Newton’s method (sometimes called Newton-Raphson method) uses first and second derivatives and indeed performs better. Given a starting point, construct a quadratic approximation to the objective function that matches the first and second derivative values at that point. We then minimize the approximate (quadratic function) instead of the original objective function. The minimizer of the approximate function is used as the starting point in the next step and repeat the procedure iteratively.

Newton's method is a very popular method which is based on Taylor's Series expansion. The Taylor's Series expansion of a function

$f(X) \text{ at } X=X_i \text{ is given by:}$

$f(X)=f(X_i)+\nabla f_i^T(X-X_i)+\frac{1}{2}(X-X_i)^T[J_i](X-X_i)$------------**(1)**

where, $[J_i]=[J]|X_i$, is the Hessian matrix of f evaluated at point X;

Setting the partial derivatives of equation (1), to zero, the minimum value of f(X) can be obtained,

$\frac{\partial f(X)}{\partial X_j}=0, j=1,2,...,N$-------------**(2)**

From equation (1) and (2),

$\nabla f=\nabla f_i+[J_i](X-X_i)=0$--------------**(3)**

Equation (3) can be solved to obtain an improved solution $X_{i+1}.$

$X_{i+1}=X_i-[J_i]^{-1}\nabla f_i$---------------**(4)**

The procedure is repeated till convergence for finding out the optimal solution.

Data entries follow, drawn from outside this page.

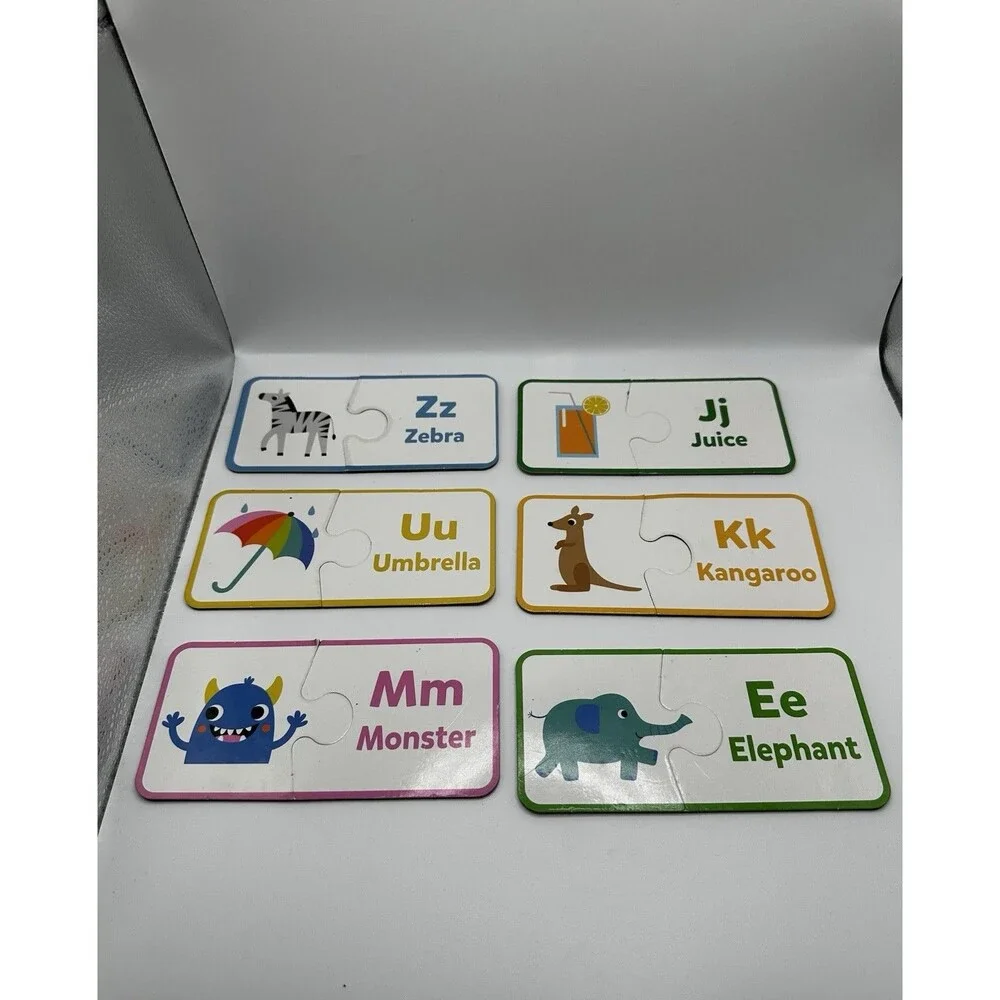 Kids’ Educational Toy Lot: ABC Puzzle Cards, Wooden Letters, Numbers & Animals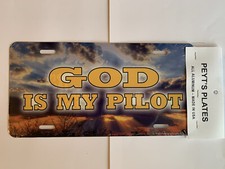 Made in the USA! God Is My Pilot premium license plate.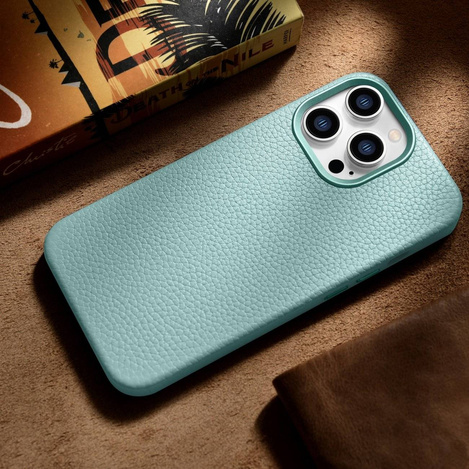 iCarer Case Leather genuine leather case for iPhone 14 Pro Max grün (WMI14220712-GN) (MagSafe compatible)
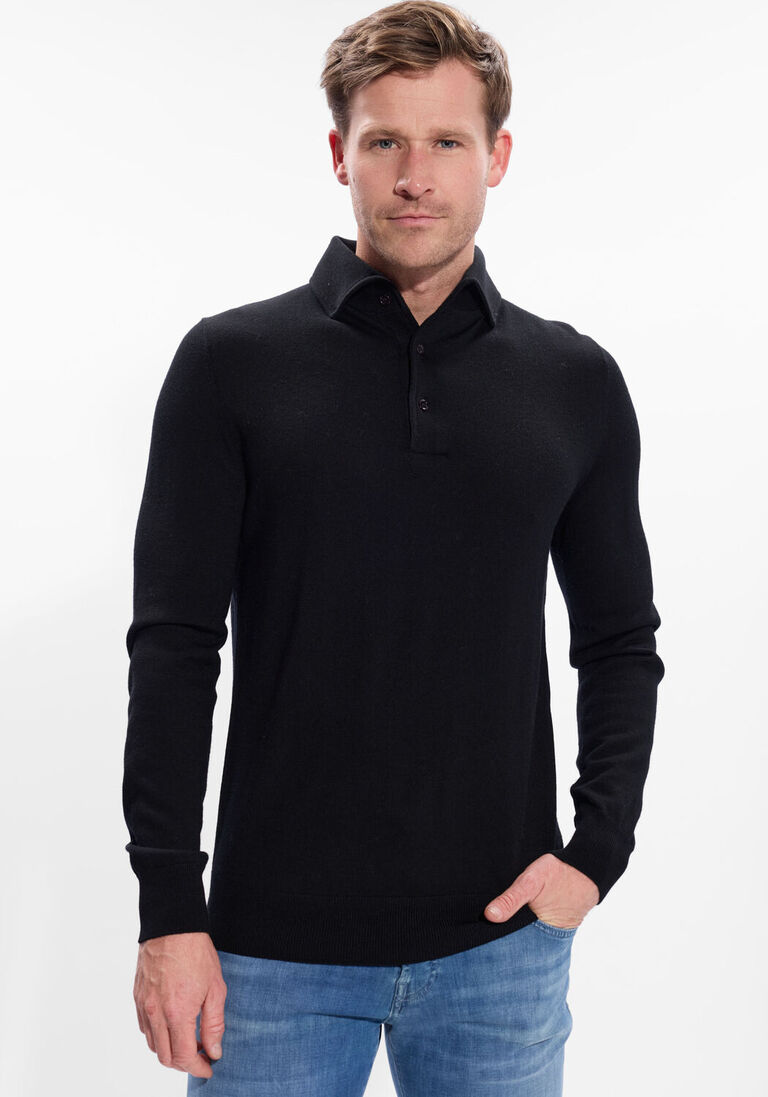 zwarte leurink knit polo polo hidden button down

**2 Derivative free optimization**

Derivative free optimization algorithms are often used when it is difficult to find function derivatives, or if finding such derivatives are time consuming. Derivative-free optimization is a discipline in mathematical optimization that does not use derivative information in the classical sense to find optimal solutions: Sometimes information about the derivative of the objective function f is unavailable, unreliable or impractical to obtain. For example, f might be non- smooth, or time-consuming to evaluate, or in some way noisy, so that methods that rely on derivatives or approximate them via finite differences are of little use. The problem to find optimal points in such situations is referred to as derivative-free optimization.

**2.1 Random Search**

Random Search Method: This method generates trial solutions for the optimization model using random number generators for the decision variables. Random search method includes random jump method, random walk method and random walk method with direction exploitation. Random jump method generates huge number of data points for the decision variable assuming a uniform distribution for them and finds out the best solution by comparing the corresponding objective function values. Random walk method generates trial solution with sequential improvements which is governed by a scalar step length and a unit random vector. The random walk method with direct exploitation is an improved version of random walk method, in which, first the successful direction of generating trial solutions is found out and then maximum possible steps are taken along this successful direction.

**2.2 Down Hill Simplex**

Simplex Method: Simplex method is a conventional direct search algorithm where the best solution lies on the vertices of a geometric figure in N-dimensional space made of a set of N+1 points. The method compares the objective function values at the N+1 vertices and moves towards the optimum point iteratively. The movement of the simplex algorithm is achieved by reflection, contraction and expansion.